We agree with the reviewer. We now expanded the description of our simulation results and added additional mutation rates. We also allowed dynamic copy number gain and loss rates in our revised simulations (now discussed in detail in the new Materials and methods section). However, since we have insufficient knowledge of the adaptive forces that may have acted on the amylase locus, we refrained from simulating alternative adaptive scenarios. We also toned down our formerly perhaps too assertive statements throughout the manuscript, including in the Title and the Abstract.

On a related note, in Figure 5, it is not clear to me how the authors placed the locations of duplication events across the phylogeny, and how confident we can be in these placements regardless of whether gene conversion is taken into account.
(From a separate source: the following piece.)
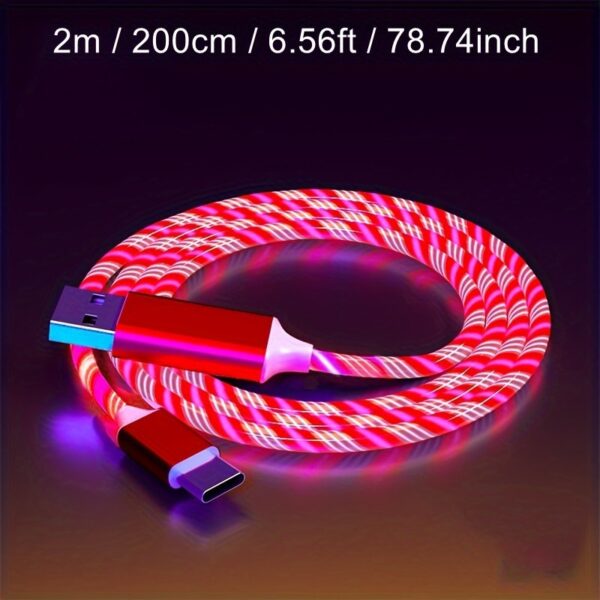 1pc USB Tipo C Cabo LED Brilhante Cabo de Carregamento 100.0cm/200.0cm Para Samsung/Xiaomi/Vivo/OPPO/Redmi E Mais Cabo Carregador USB C Smartphones - Imagem 15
Overall I would say that while the authors' observations are interesting and highly suggestive, there is no direct evidence for positive selection in these data, and thus the language about adaptation sprinkled throughout the manuscript should be removed or rephrased.
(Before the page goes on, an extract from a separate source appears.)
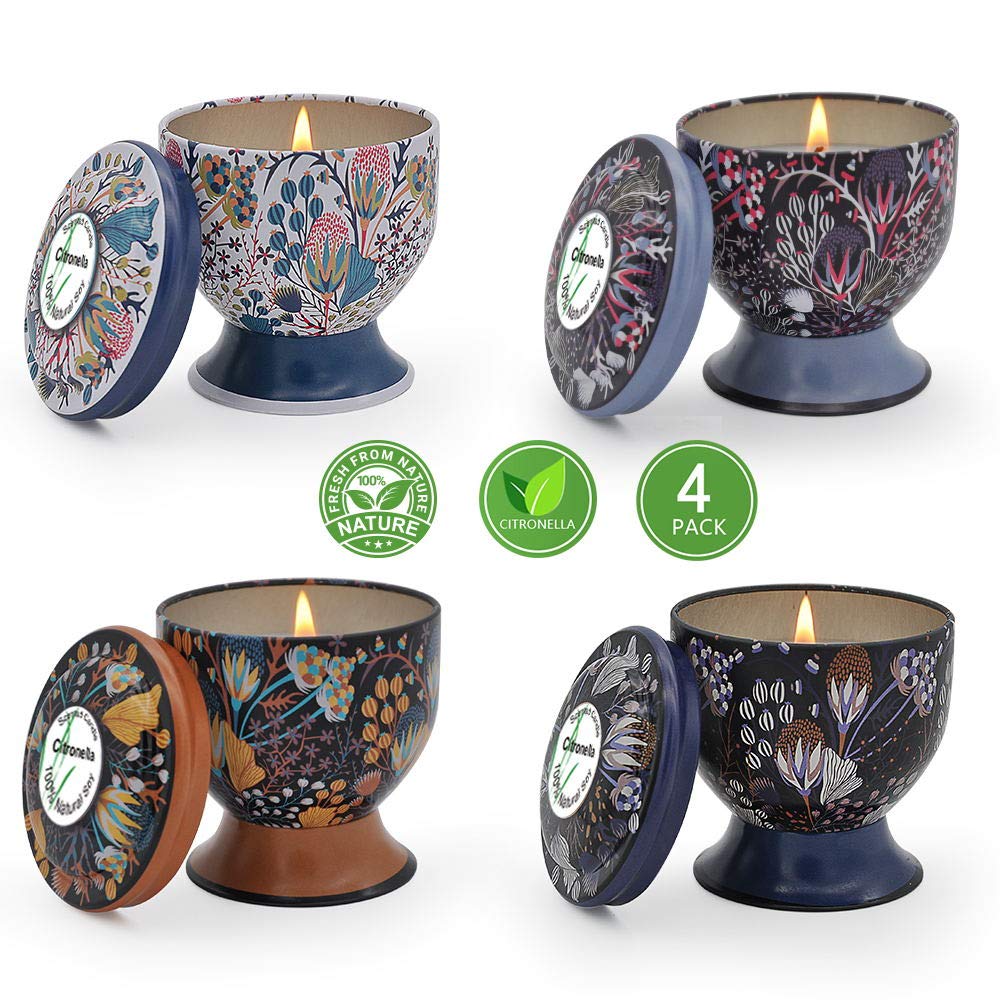 Citronella Soy Wax Candles 4oz - 4 Pack for Outdoor & Indoor Stress Relief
We agree with the reviewer on both accounts. We now discuss the caveats of interpreting the data shown in Figure 5in the Results section. In addition, we toned down our arguments throughout the manuscript with regards to adaptive forces shaping the copy number state and enzymatic activity of amylase in saliva. As a consequence of that, we also removed the phrase “convergent adaptive bursts” from the title of our revised manuscript and replaced it with the word “independent”.

Second, the evidence for convergent evolution is limited. The strongest example of convergence that the authors give is in the third paragraph of the subsection “Recurrent amylase copy number gains in multiple mammalian lineages”, where they describe that in both humans and mice there are tandem arrays of amylase genes with a flanking transposable element, suggesting the possibility of repeat-induced expansion of this gene family in both species. However, in mouse these copies do not encode a salivary amylase according to Figure 2. Thus this example provides no support for convergence related to salivary digestion.

We thank the reviewer for raising these questions which made us rethink and better clarify our interpretation of the data. In addition, we were able to find specific retrotransposons flanking rat, pig, and dog amylase gene copies, thereby providing lineage-specific signatures that further support our hypothesis that AMY gene copy number expansions occurred independently in different mammalian lineages. We also agree that enzymatic activity of amylase in saliva is not directly correlated with the number of AMY gene copies. Nevertheless, it is important to note that in all the species analyzed, salivary expression of amylase always went along with an amylase gene duplication event. We never intended to claim that the retrotransposon insertions by themselves lead to the expression of a given amylase copy in salivary glands. We also acknowledge that we do not have direct evidence for convergence of the salivary expression trends and, thus, removed this argument from our revised manuscript altogether.

Third, the authors examine in Figures 3 and 4 evidence of the relationship between amylase copy number and salivary amylase activity. However as far as I can tell the authors have not assessed the strength of this relationship statistically in a manner that accounts for phylogenetic relatedness among data points. Moreover, to me the authors' results imply that the amylase copy numbers are cannot explain a sizable portion of the variation in amylase activity among mammals. This is demonstrated in Figure 4, where the authors show amylase copy number along a linear scale and salivary amylase activity in log scale. For amylase copy number the difference between the "specialized" and "broad range" diet classes spans about a factor of 2- or 3-fold. For salivary amylase, the difference is about 2-3 orders of magnitude. Assuming that copy number has at best a linear effect on protein dosage, this result strongly argues against copy number having a very important role in salivary amylase activity in mammals.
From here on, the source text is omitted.